L’EPSAN (Etablissement public de santé Alsace nord), un établissement psychiatrique situé à l’entrée de la commune de Brumath (au nord de Strasbourg – 67), est organisé comme une petite ville derrière son mur d’enceinte et renferme de nombreux bâtiments pavillonnaires, qui s’articulent selon un réseau viaire orthogonal. Pour réaliser l’Unité Psychiatrique Laura Lanteri Mère-Bébé, que les utilisateurs souhaitaient accessible directement depuis l’extérieur, le maître d’ouvrage a choisi une parcelle en limite du site. Le programme demandait la réalisation d’un Hôpital de Jour, d’une capacité d’accueil de six mères et de six à huit enfants, d’une nouvelle Unité Mère-Bébé qui peut accueillir quatre dyades mère-bébé et des bureaux de consultation en psychiatrie, chaque ensemble devant posséder sa propre entrée.
«A l’image des pavillons existants, nous avons réalisé cet édifice selon un U ouvert au sud et enfermant un jardin.
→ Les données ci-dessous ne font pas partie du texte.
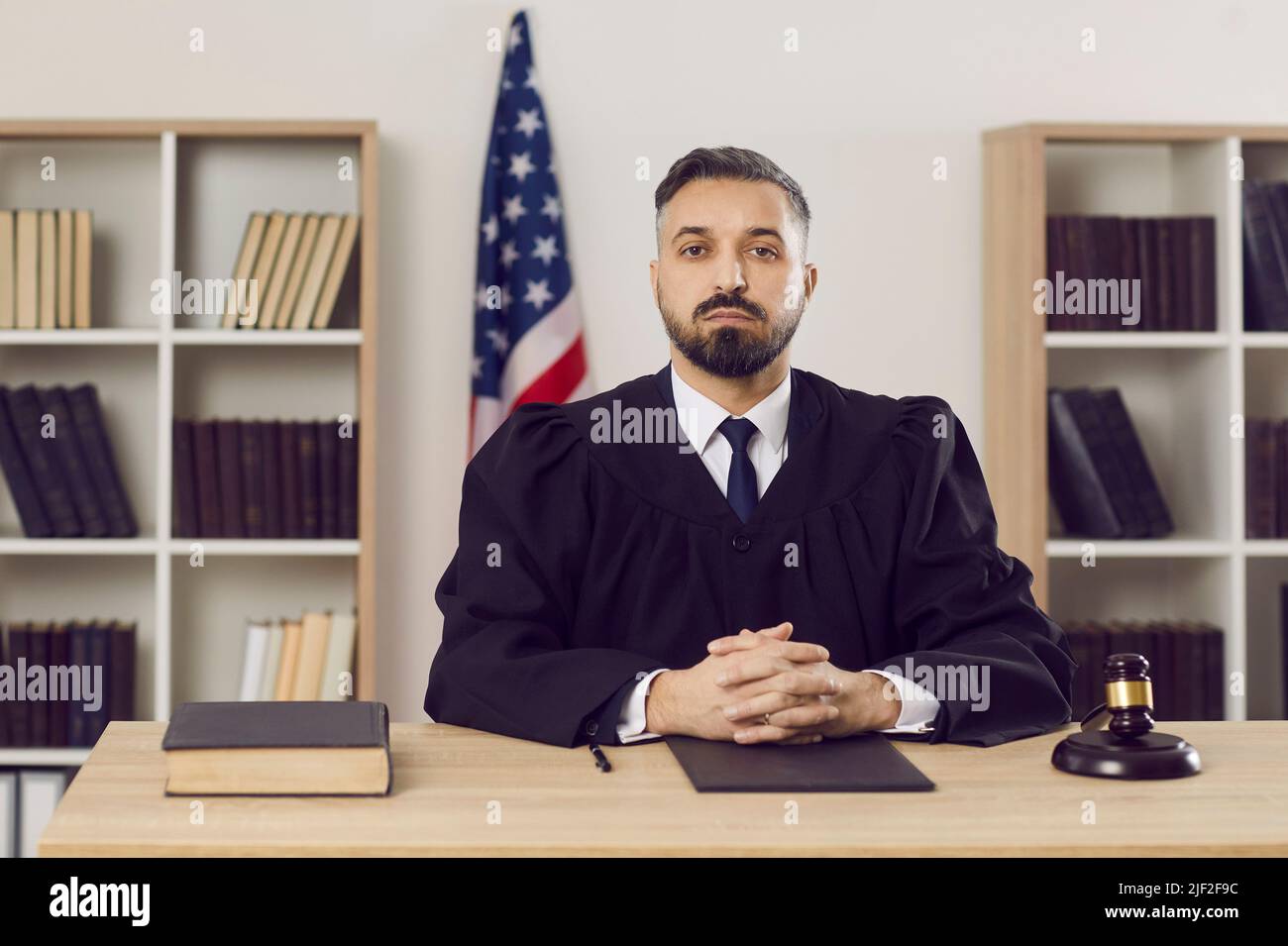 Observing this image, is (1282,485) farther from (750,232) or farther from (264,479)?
(264,479)

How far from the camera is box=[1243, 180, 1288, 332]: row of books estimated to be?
350 cm

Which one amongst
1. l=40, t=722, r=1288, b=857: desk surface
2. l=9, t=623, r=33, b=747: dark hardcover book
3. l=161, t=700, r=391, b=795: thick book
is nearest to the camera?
l=40, t=722, r=1288, b=857: desk surface

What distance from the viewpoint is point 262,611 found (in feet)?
12.2

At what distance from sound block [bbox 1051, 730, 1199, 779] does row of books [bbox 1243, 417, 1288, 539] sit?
2237 mm

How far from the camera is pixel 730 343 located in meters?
2.21

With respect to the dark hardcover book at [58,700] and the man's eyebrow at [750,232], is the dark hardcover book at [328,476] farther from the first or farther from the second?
the man's eyebrow at [750,232]

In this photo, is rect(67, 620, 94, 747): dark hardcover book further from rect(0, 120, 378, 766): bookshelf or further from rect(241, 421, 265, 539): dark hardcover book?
rect(241, 421, 265, 539): dark hardcover book

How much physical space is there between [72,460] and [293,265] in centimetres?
73

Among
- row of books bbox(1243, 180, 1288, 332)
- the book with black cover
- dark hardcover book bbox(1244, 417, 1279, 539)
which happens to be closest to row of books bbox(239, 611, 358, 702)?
the book with black cover

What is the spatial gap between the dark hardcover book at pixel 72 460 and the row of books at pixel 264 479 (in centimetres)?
20

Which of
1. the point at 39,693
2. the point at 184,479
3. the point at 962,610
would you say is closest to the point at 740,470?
the point at 962,610

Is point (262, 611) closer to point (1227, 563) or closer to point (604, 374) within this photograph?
point (604, 374) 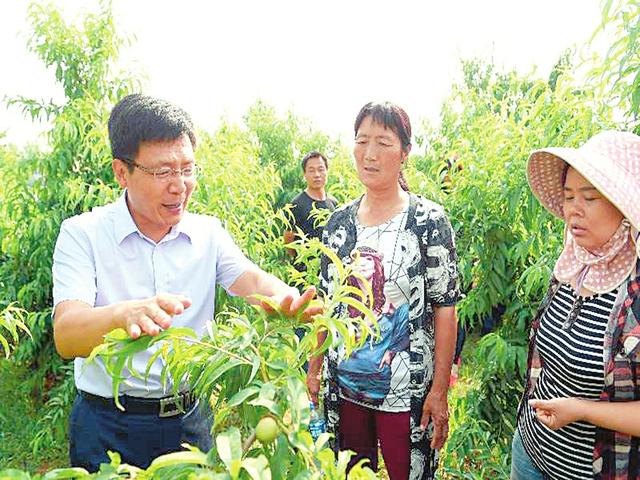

Cette forme permettait de maîtriser l’échelle de l’ensemble, en minimisant son emprise visuelle,» expliquent les architectes. Surtout cela permit d’élaborer une organisation et un fonctionnement clairs offrant beaucoup de transparence. Non seulement tous les couloirs débouchent sur des vues dégagées mais la couronne intérieure vitrée sur palier et vitrée sur couloir permet dès l’entrée – puisque les espaces de vie de chaque unité sont placés côté jardin et les espaces de service sur la couronne extérieure, côté rue – de tourner le regard vers le centre aéré de l’espace. «Le rapport au jardin commence dès l’entrée et le couloir,» note Grégoire Zündel. De fait, la première perception en arrivant dans les halls d’entrée est la vue sur le jardin.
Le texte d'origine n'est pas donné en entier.